◆ WHAT IS REQUIRED: Print only the lines from the top of the data through the line with "Polar Fleece Cropped", both included, skipping every picture.

(Records contained in a dataset)
::::

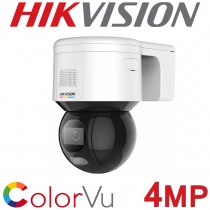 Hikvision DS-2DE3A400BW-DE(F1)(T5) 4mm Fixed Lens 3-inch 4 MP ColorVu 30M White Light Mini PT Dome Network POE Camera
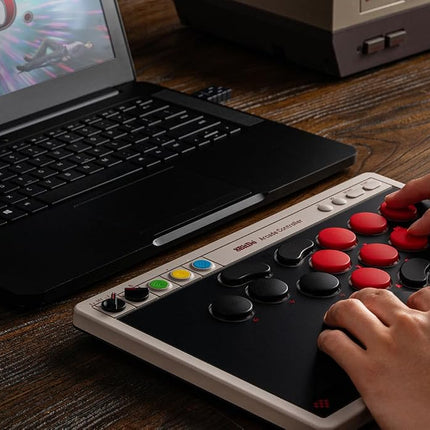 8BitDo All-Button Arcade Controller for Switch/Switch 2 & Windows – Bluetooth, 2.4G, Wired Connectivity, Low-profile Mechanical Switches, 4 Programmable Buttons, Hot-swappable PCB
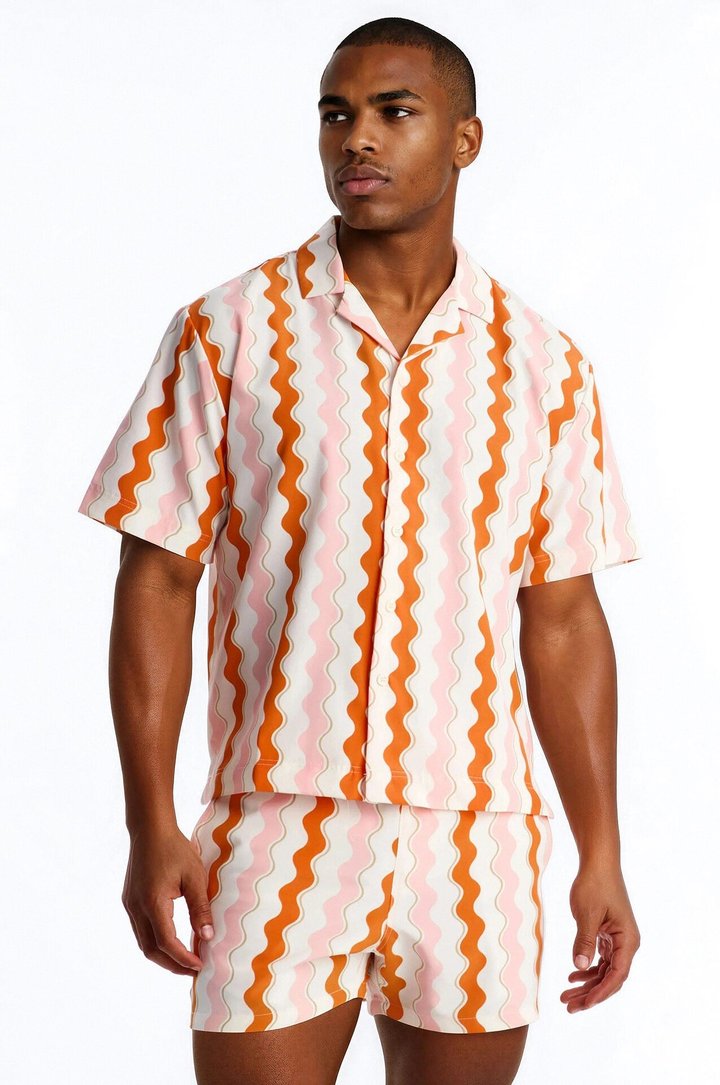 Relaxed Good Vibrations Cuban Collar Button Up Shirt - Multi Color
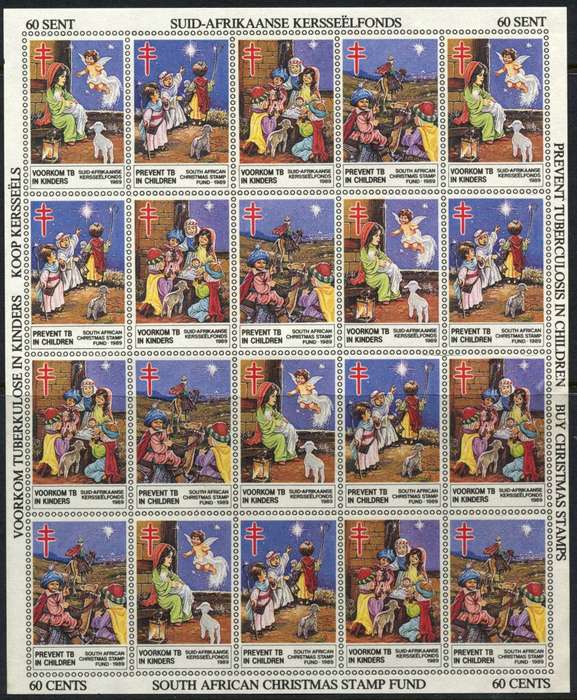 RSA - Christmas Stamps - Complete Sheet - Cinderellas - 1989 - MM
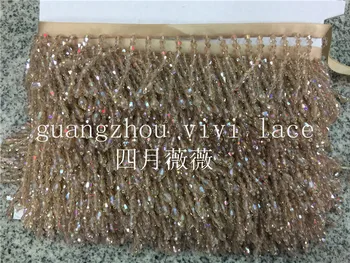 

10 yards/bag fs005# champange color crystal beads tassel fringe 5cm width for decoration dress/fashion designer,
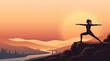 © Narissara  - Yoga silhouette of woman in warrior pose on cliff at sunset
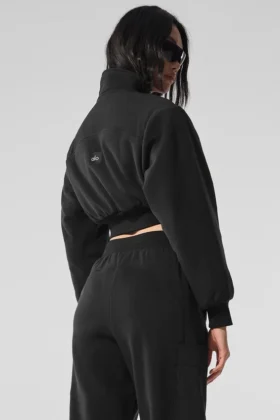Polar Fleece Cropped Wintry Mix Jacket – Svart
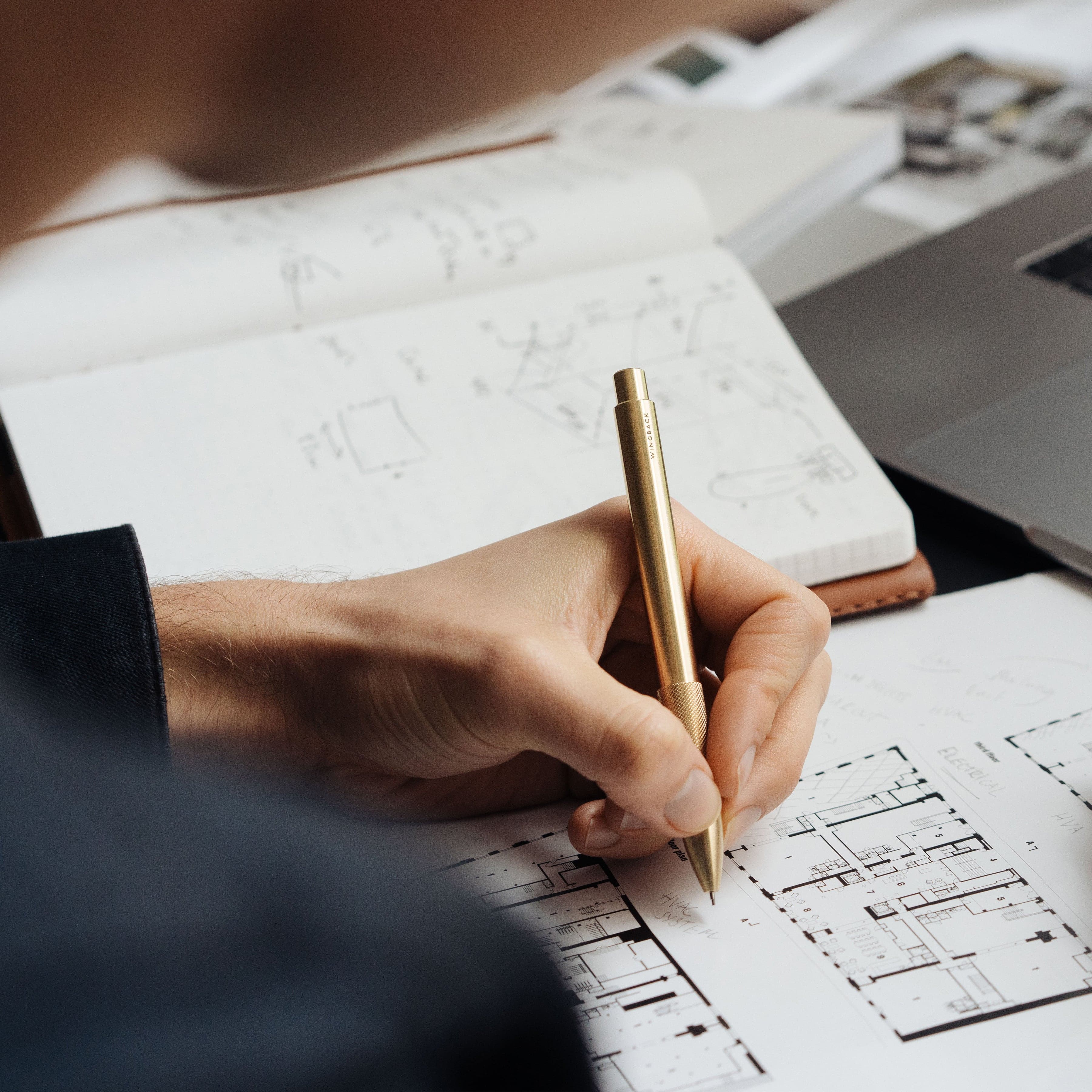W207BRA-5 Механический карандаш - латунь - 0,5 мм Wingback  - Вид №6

::::

◆ OUTPUT BELOW:
 Hikvision DS-2DE3A400BW-DE(F1)(T5) 4mm Fixed Lens 3-inch 4 MP ColorVu 30M White Light Mini PT Dome Network POE Camera
 8BitDo All-Button Arcade Controller for Switch/Switch 2 & Windows – Bluetooth, 2.4G, Wired Connectivity, Low-profile Mechanical Switches, 4 Programmable Buttons, Hot-swappable PCB
 Relaxed Good Vibrations Cuban Collar Button Up Shirt - Multi Color
 RSA - Christmas Stamps - Complete Sheet - Cinderellas - 1989 - MM

10 yards/bag fs005# champange color crystal beads tassel fringe 5cm width for decoration dress/fashion designer,
 © Narissara  - Yoga silhouette of woman in warrior pose on cliff at sunset
Polar Fleece Cropped Wintry Mix Jacket – Svart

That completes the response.